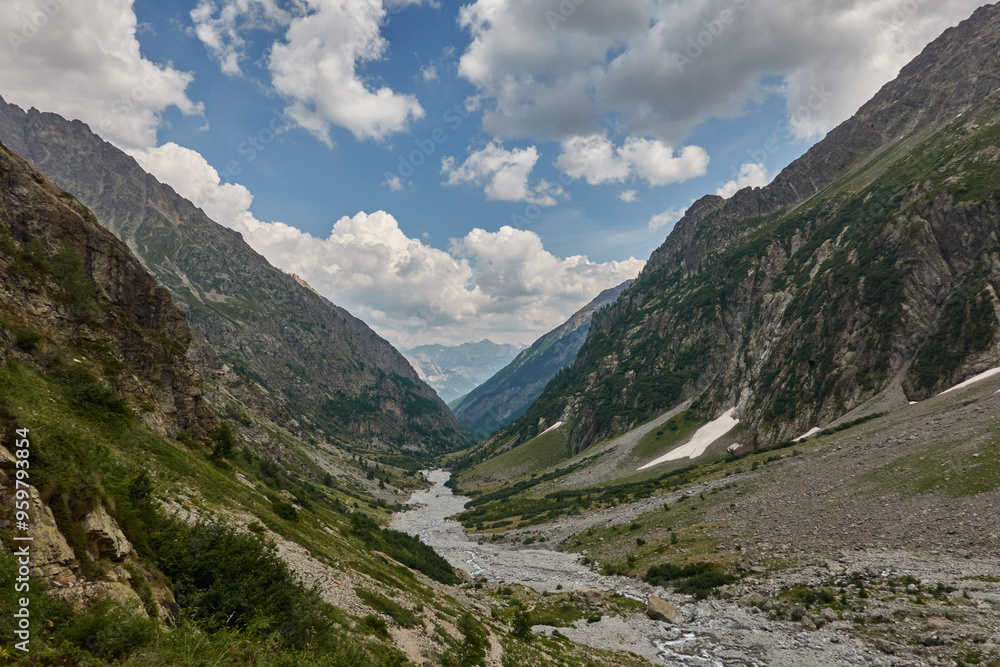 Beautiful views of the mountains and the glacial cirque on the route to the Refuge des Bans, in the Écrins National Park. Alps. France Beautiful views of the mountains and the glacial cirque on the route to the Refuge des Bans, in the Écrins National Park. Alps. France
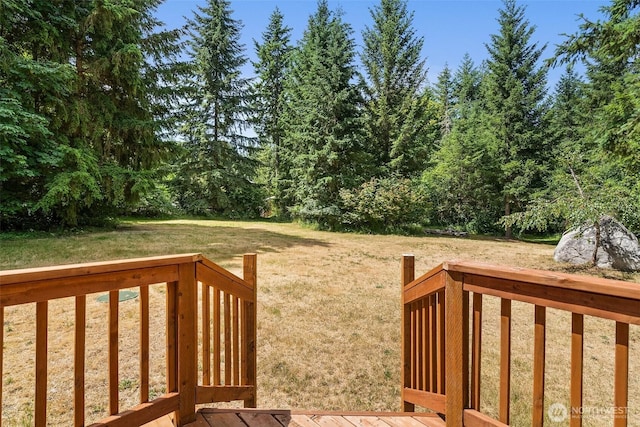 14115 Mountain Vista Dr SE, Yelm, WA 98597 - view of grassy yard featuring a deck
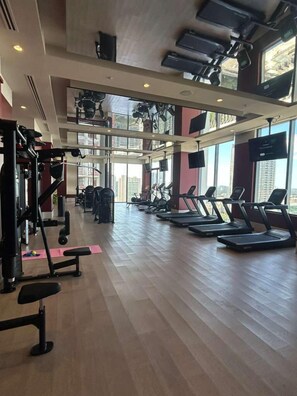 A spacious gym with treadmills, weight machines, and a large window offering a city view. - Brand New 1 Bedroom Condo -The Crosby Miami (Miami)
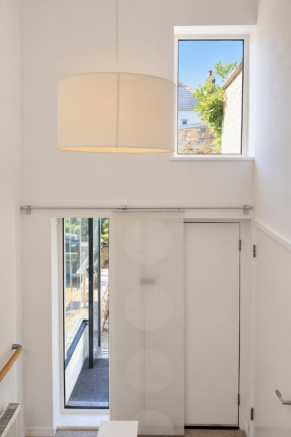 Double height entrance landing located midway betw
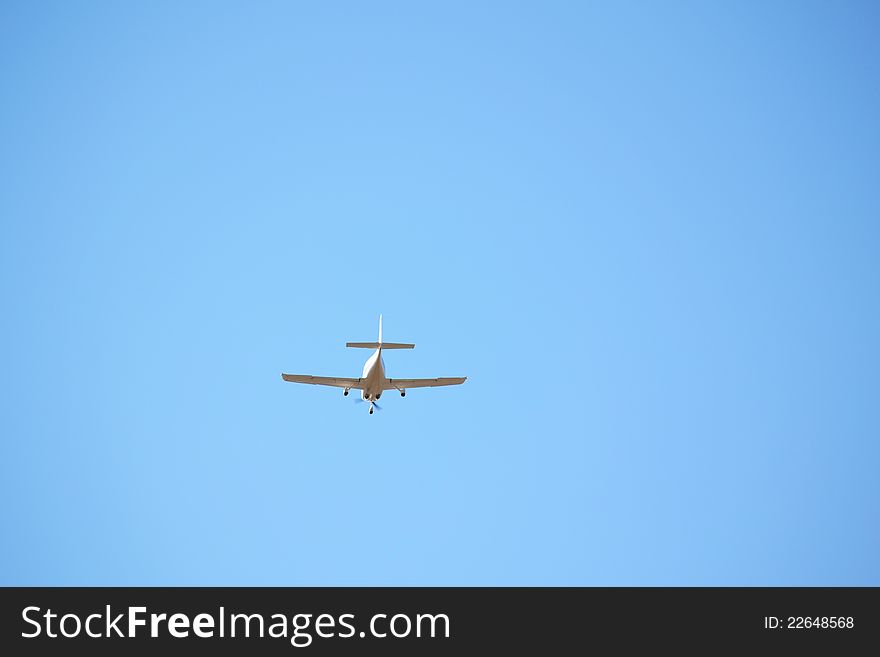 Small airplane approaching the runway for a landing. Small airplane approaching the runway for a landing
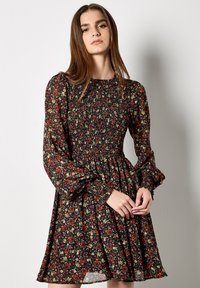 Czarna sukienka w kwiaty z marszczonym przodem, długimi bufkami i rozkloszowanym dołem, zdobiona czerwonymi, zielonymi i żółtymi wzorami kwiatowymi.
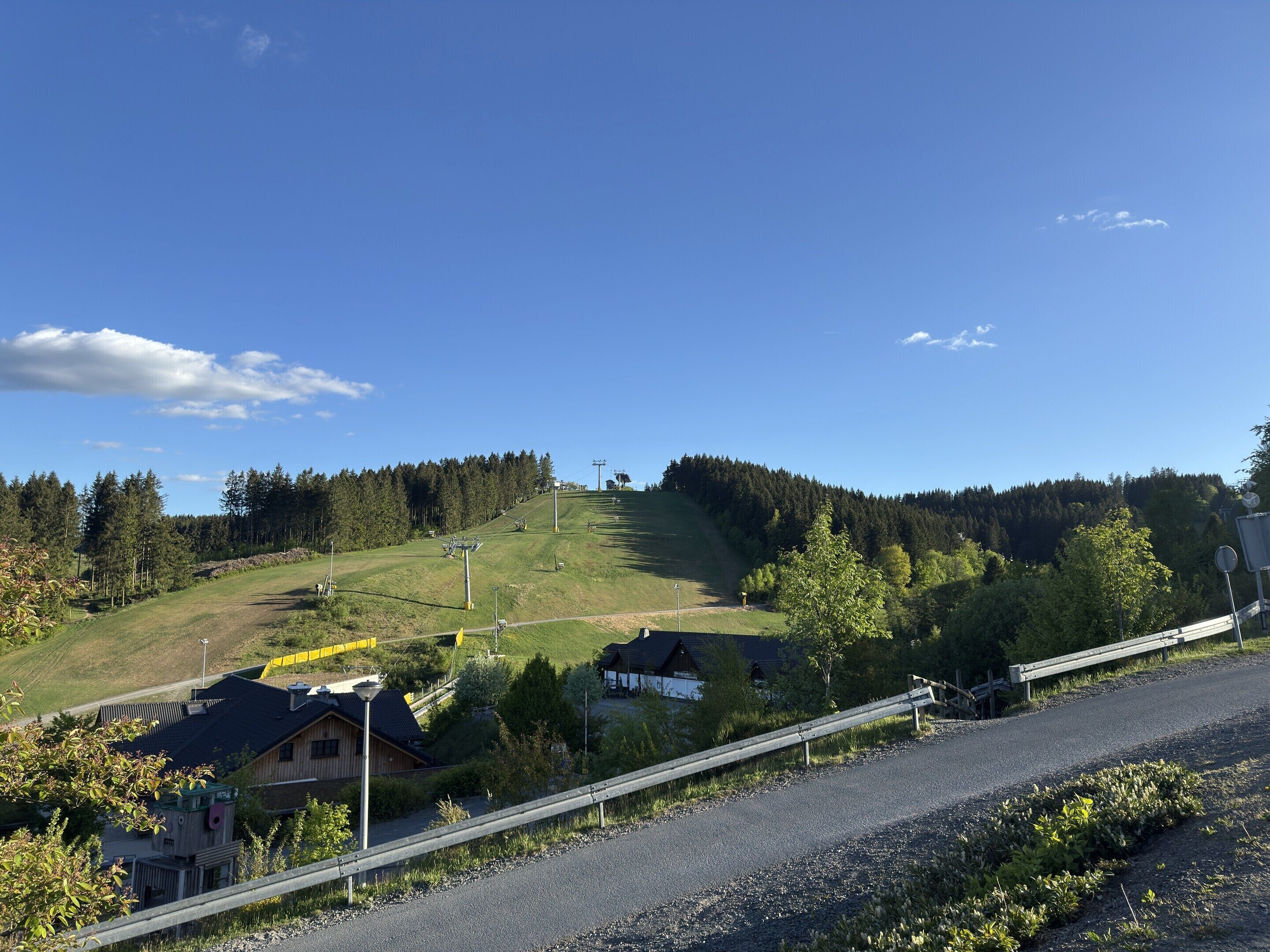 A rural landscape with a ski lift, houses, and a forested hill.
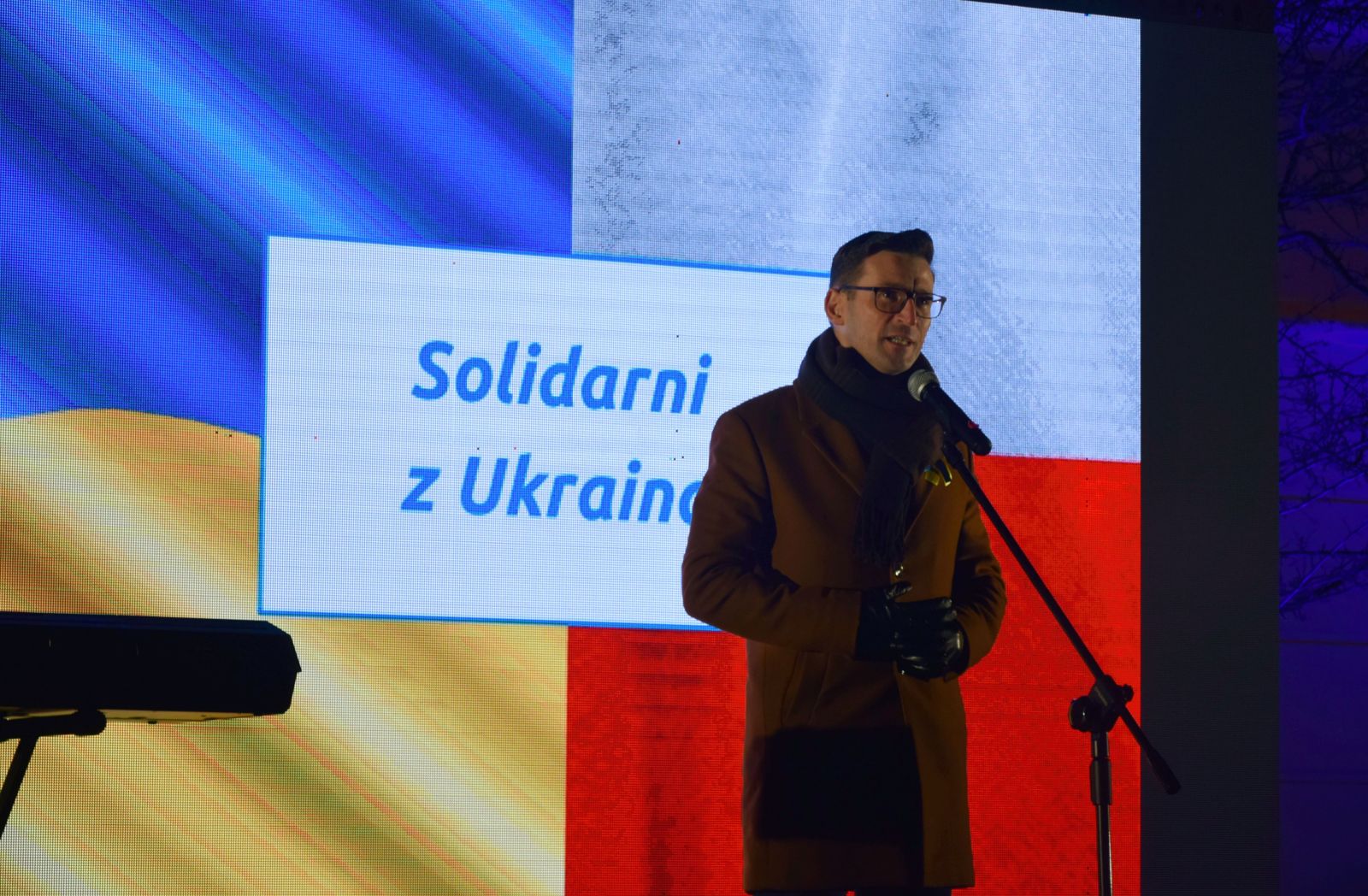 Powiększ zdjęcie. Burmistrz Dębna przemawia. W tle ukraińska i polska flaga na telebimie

□ □ □

Of the records above, print only the lines from the one containing "Double height entrance" through the one containing "A rural landscape", inclusive and unaltered, leaving out pictures.

| Worked solution |
 Double height entrance landing located midway betw
 Small airplane approaching the runway for a landing. Small airplane approaching the runway for a landing
 Czarna sukienka w kwiaty z marszczonym przodem, długimi bufkami i rozkloszowanym dołem, zdobiona czerwonymi, zielonymi i żółtymi wzorami kwiatowymi.
 A rural landscape with a ski lift, houses, and a forested hill.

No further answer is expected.